Per molti anni, si è ritenuto che l’emissione luminosa delle nove venisse originata esclusivamente dalle reazioni nucleari che si innescano sulla superficie della nana bianca e che portano poi all’espulsione degli strati esterni. Negli ultimi anni, tuttavia, l’osservazione di raggi gamma proveniente da questi oggetti celesti suggerisce la presenza di un altro fenomeno fisico responsabile di queste emissioni di alta energia. Un caso emblematico è la nova esplosa nella costellazione della Carena e scoperta il 20 marzo del 2018, chiamata anche in termine tecnico V906 Carinae, o V906 Car in breve.
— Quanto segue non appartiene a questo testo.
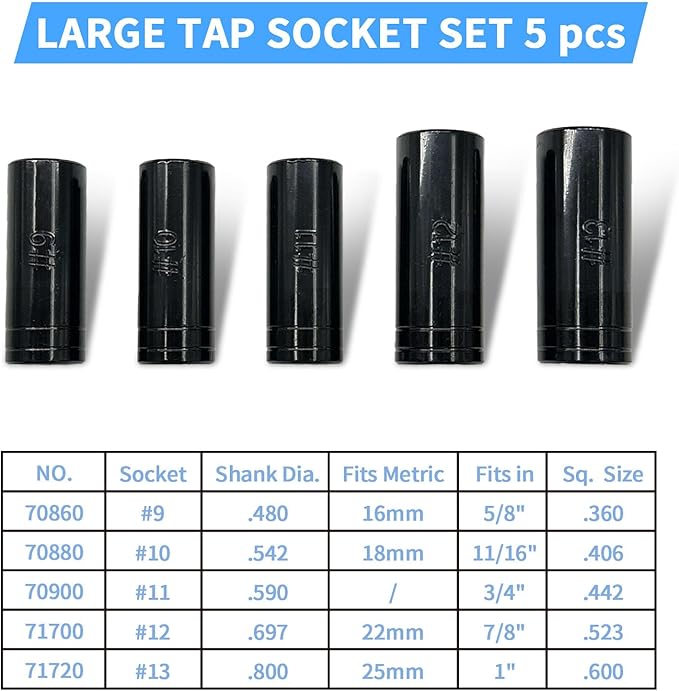 71670 Large Tap Socket Set 5 pcs Compatible with 5/8" 11/16" 3/4" 7/8" and 1" Taps with 1/2" Drive Fits MCTI Standard Taps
V906 Car è stata particolarmente brillante raggiungendo la sesta magnitudine – al limite della visibilità ad occhio nudo – e rimanendo su questo valore per quasi un mese con ripetute oscillazioni. V906 Car è stata osservata in modo sistematico con vari telescopi da terra e dallo spazio e con molti osservatori spaziali per l’astrofisica delle alte energie, come il satellite Fermi e, per una circostanza fortuita, dalla costellazione di “nanosatelliti” BRITE, che osserva il cielo nella luce visibile. E proprio il confronto dell’andamento nel tempo del flusso di radiazione gamma e visibile registrato dalle due missioni spaziali ha sorpreso i ricercatori, come afferma Elias Aydi, astrofisico alla Michigan State University e primo autore della ricerca appena pubblicata su Nature Astronomy: «Abbiamo osservato fluttuazioni simultanee nelle lunghezze d’onda dell’ottico che nei raggi gamma da Fermi-LAT. Questa coincidenza ci ha portato alla conclusione che una gran parte dell’emissione luminosa delle nove possa essere prodotta da onde d’urto, o shock, che si propagano nel materiale in espansione».
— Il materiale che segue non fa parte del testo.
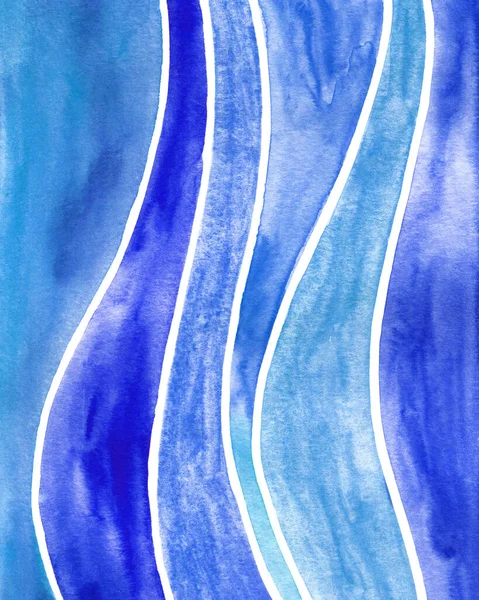 Peinture Aquarelle Abstraite Vagues Bleues Texture Art Fond Vertical — Photo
Ma come possono formarsi degli shock nelle nove? In questi eventi il materiale non viene espulso in una volta sola, ma in più episodi e le diverse “bolle” di materia espulsa si allontanano con differenti velocità. La successiva interazione tra le diverse bolle crea delle onde d’urto nel materiale che le compone e lo riscaldano, fino al punto di emettere radiazione luminosa. Le onde d’urto riscaldano il materiale espulso generando radiazione luminosa. Allo stesso tempo, le onde d’urto accelerano le particelle che producono la radiazione gamma osservata dal satellite Fermi. L’osservazione simultanea dei brillamenti ottici e di quelli gamma dimostra che i due fenomeni sono collegati.
L’idea che le nove potessero sintetizzare il Litio era stata proposta negli anni ’70 del secolo scorso e solo ora è arrivata la conferma osservativa. «Le nove potrebbero essere tra le principali sorgenti di litio nella Galassia – afferma Paolo Molaro dell’INAF di Trieste – Il 25% della quantità totale di questo elemento proviene dalla sintesi primordiale nei primi 3 minuti di vita dell’universo e il 10% da una varietà di processi astrofisici. Le nove potrebbero produrre tutto il rimanente 60 – 70 % del Litio esistente».